Eclectic-Sheep / sheeprl

Distributed Reinforcement Learning accelerated by Lightning Fabric
https://eclecticsheep.ai
Apache License 2.0
274 stars 26 forks source link

About Hafner `train_ratio` and general `replay_ratio` #223

Closed belerico closed 3 months ago

belerico commented 4 months ago

In Dreamer-V3 paper Hafner defines the train_ratio as

Table A.1: Benchmark overview. The train ratio is the number of replayed steps per policy steps rather than environment steps, and thus unaware of the action repeat.

where the replayed_steps = batch_size * seq_len = 16 * 64 = 1024 by default.

In the literature, the accepted quantity that express the number of agent updates per environment interaction (or policy step) is called replay_ratio.

Moreover Hafner, in his official code, computes exactly the replay_ratio as replay_ratio = train_ratio / replayed_steps, which in the case of DMC vision environments is equal to replay_ratio = 512 / (16 * 64) = 512 / 1024 = 1 / 2, i.e. 1 gradient step every 2 policy steps.

I propose to combine the algo.train_every and algo.per_rank_gradient_steps of every off-policy method with the single parameter algo.replay_ratio, which represents the global replay ratio, unaware of the existence of multiple processes in distributed setting and multiple copies of the environment in a single process; for those reasons we must account for that in our code:

class Ratio:
    """Directly taken from Hafner et al. (2023) implementation:
    https://github.com/danijar/dreamerv3/blob/8fa35f83eee1ce7e10f3dee0b766587d0a713a60/dreamerv3/embodied/core/when.py#L26
    """

    def __init__(self, ratio):
        assert ratio >= 0, ratio
        self._ratio = ratio
        self._prev = None

    def __call__(self, step):
        step = int(step)
        if self._ratio == 0:
            return 0
        if self._prev is None:
            self._prev = step
            return 1
        repeats = round((step - self._prev) * self._ratio)
        self._prev += repeats / self._ratio
        return repeats

if __name__ == "__main__":
    num_envs = 4
    world_size = 1
    replay_ratio = 0.5
    per_rank_batch_size = 16
    per_rank_sequence_length = 64
    replayed_steps = world_size * per_rank_batch_size * per_rank_sequence_length
    train_steps = 0
    gradient_steps = 0
    total_policy_steps = 2**16
    r = Ratio(ratio=replay_ratio)
    policy_steps = num_envs * world_size
    for i in range(0, total_policy_steps, policy_steps):
        per_rank_repeats = r(i / world_size)
        gradient_steps += per_rank_repeats * world_size
    print("Replay ratio", replay_ratio)
    print("Hafner train ratio", replay_ratio * replayed_steps)
    print("Final ratio", gradient_steps / total_policy_steps)

which prints

Replay ratio 0.5
Hafner train ratio 512.0
Final ratio 0.4999847412109375

cc @michele-milesi

verityw commented 3 months ago

Just making sure I'm understanding right: replay ratio = train ratio / (batch size seq len) Thus, to achieve a particular replay ratio, you set per_rank_batch_size, per_rank_sequence_length to the corresponding values listed above (in the Dreamer v3 paper, those would be 16 and 64 respectively), then choose train_every and per_rank_gradient_steps such that you have: `train_every replay ratio = per_rank_gradient_steps`

Is that right? Just wanted to clarify, since train_every and per_rank_gradient_steps do not appear in the above example code.

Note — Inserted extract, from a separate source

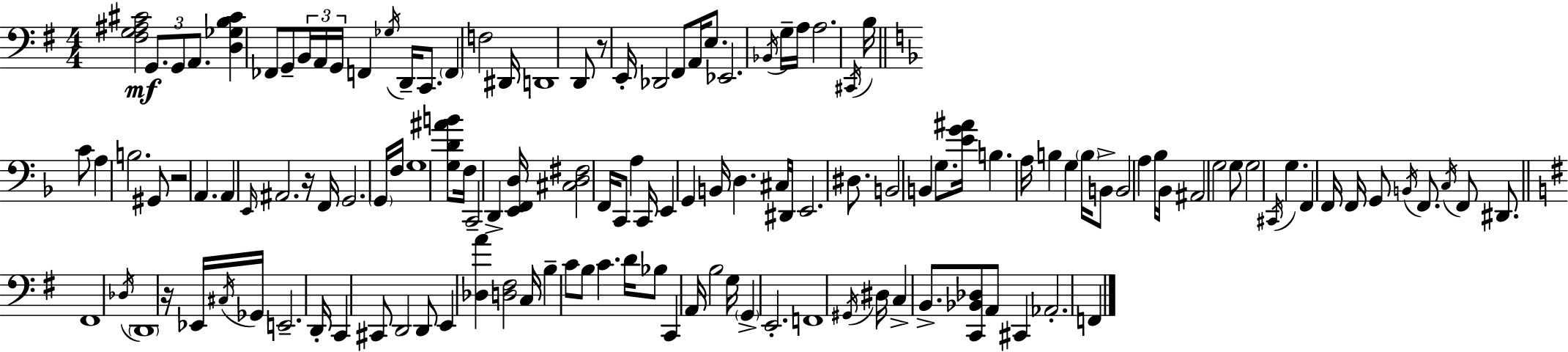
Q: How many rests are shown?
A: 4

michele-milesi commented 3 months ago

Hi @verityw, we set the per_rank_batch_size and the per_rank_sequence_length parameters as suggested in the paper. Here we are proposing to replace our train_every and per_rank_gradient_steps with the replay_ratio parameter. As it is now implemented, to achieve the correct replay ratio, train_every and per_rank_gradient_step must be set taking into account: the number of environments and which replay ratio you want to use for training. This is inconvenient and involves having to do some calculations before setting these two parameters (train_every and per_rank_gradient_steps).

For example, suppose we want to set the replay ratio to 0.5:

With the replay_ratio parameter, these calculations are made automatically.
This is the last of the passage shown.